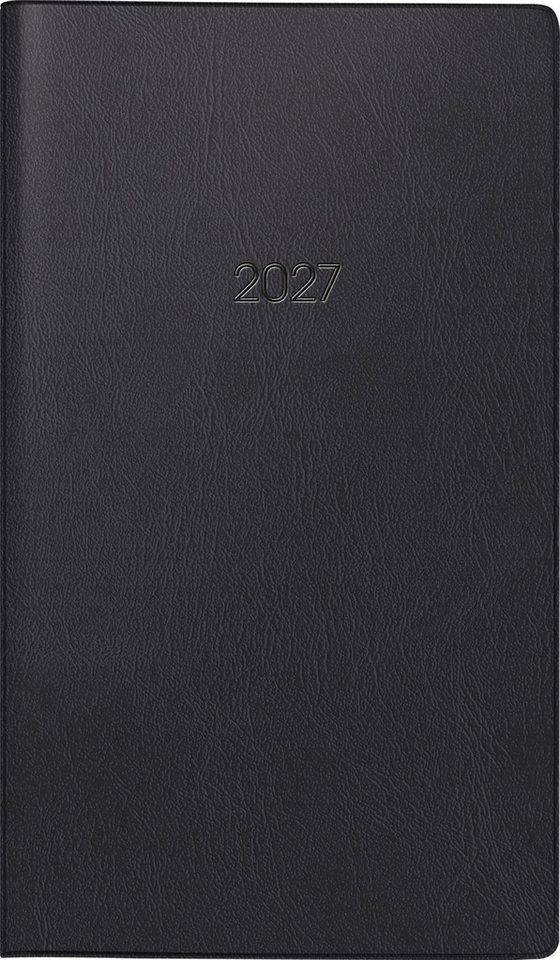 BRUNNEN Taschenkalender 2027 BRUNNEN Taschenkalender9x15cm sw 2S/1M Bild 3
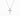 Gold Minimalism Necklace with 0.11 ct round diamonds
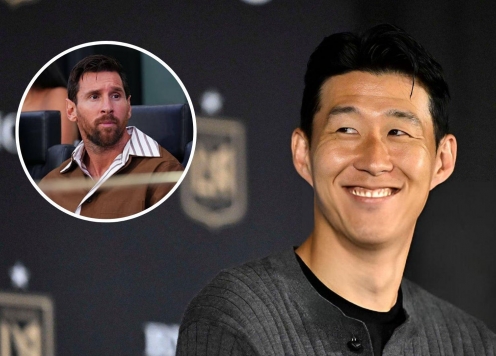 Vừa đến MLS, Son Heung-min nhắc ngay tới Messi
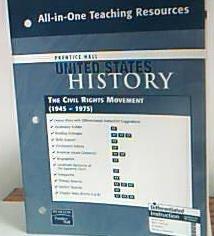 Book Prentice Hall United States History All-in-one Teaching Resources. The Civil Rights Movement. (paperback) free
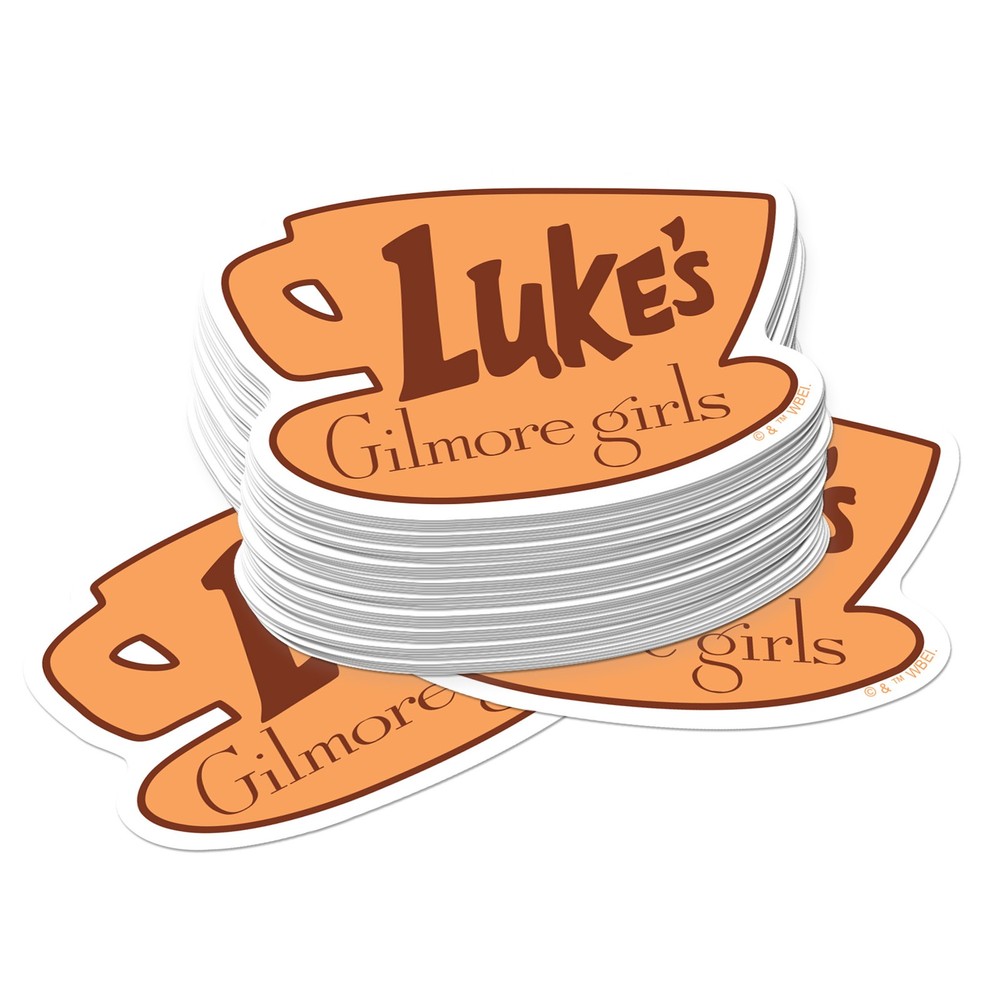 GILMORE GIRLS LUKE’S DINER DIE CUT VINYL 50 CT STICKER PACK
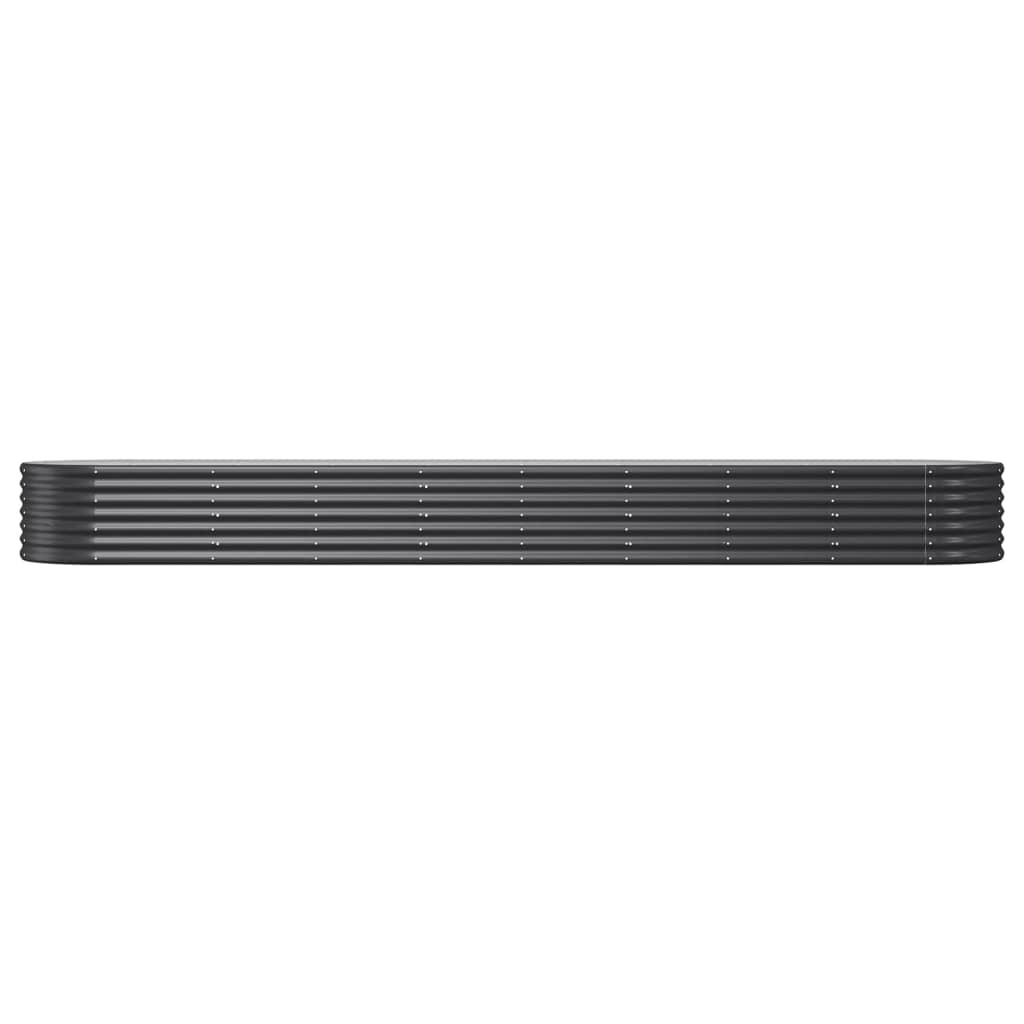 Vidaxl plantenbak 368x80x36 cm gegalvaniseerd staal antracietkleurig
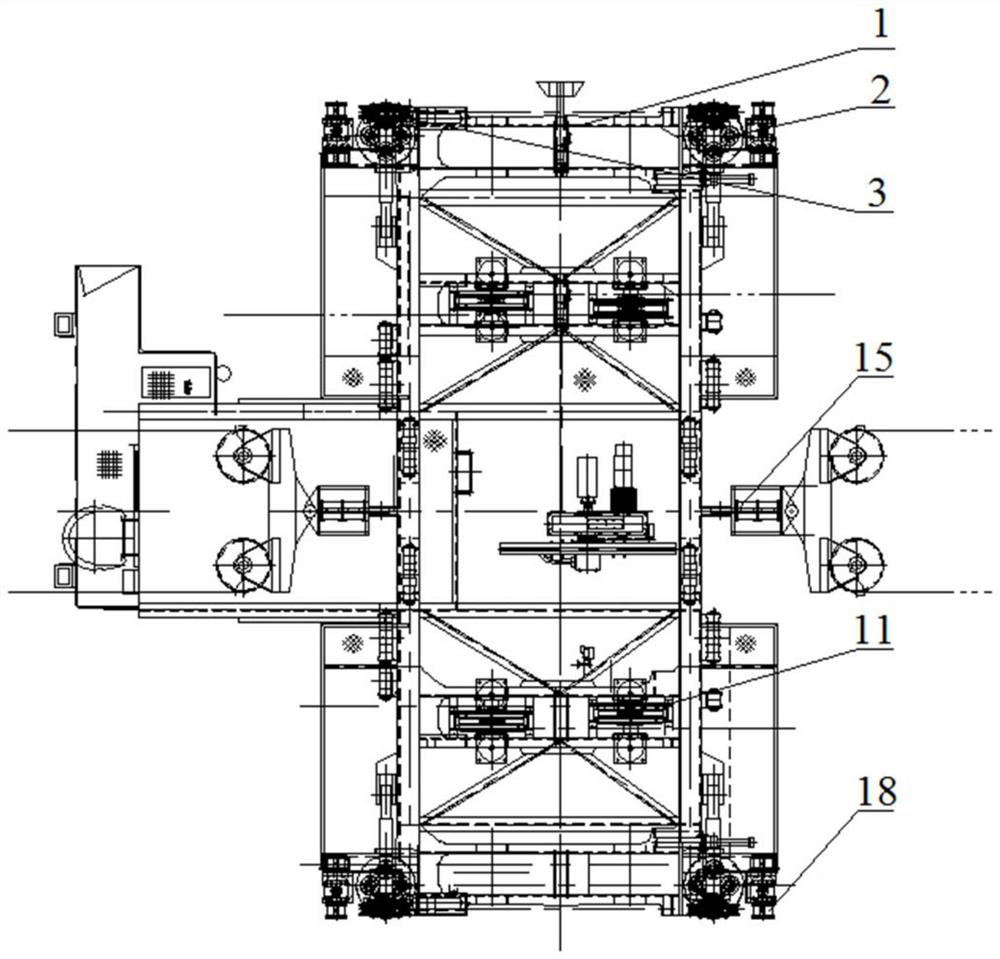 Bridge crane with high-speed assembly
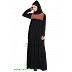 Designer pleated abaya- Black-Rust Designer pleated abaya- Black-Rust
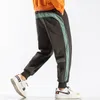 Side Striped Sweatpants Men Brand Jogger Pants Men Fashion Streetwear Hip Hop Trousers Male Loose Fit Harem Pants 220621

──────

* _Requirement_
Each line above should be written out again unchanged; no images are to be carried over.

* _Answer section_
 BRUNNEN Taschenkalender 2027 BRUNNEN Taschenkalender9x15cm sw 2S/1M Bild 3
 Gold Minimalism Necklace with 0.11 ct round diamonds
 Vừa đến MLS, Son Heung-min nhắc ngay tới Messi
 Book Prentice Hall United States History All-in-one Teaching Resources. The Civil Rights Movement. (paperback) free
 GILMORE GIRLS LUKE’S DINER DIE CUT VINYL 50 CT STICKER PACK
 Vidaxl plantenbak 368x80x36 cm gegalvaniseerd staal antracietkleurig
 Bridge crane with high-speed assembly
 Designer pleated abaya- Black-Rust Designer pleated abaya- Black-Rust
 Side Striped Sweatpants Men Brand Jogger Pants Men Fashion Streetwear Hip Hop Trousers Male Loose Fit Harem Pants 220621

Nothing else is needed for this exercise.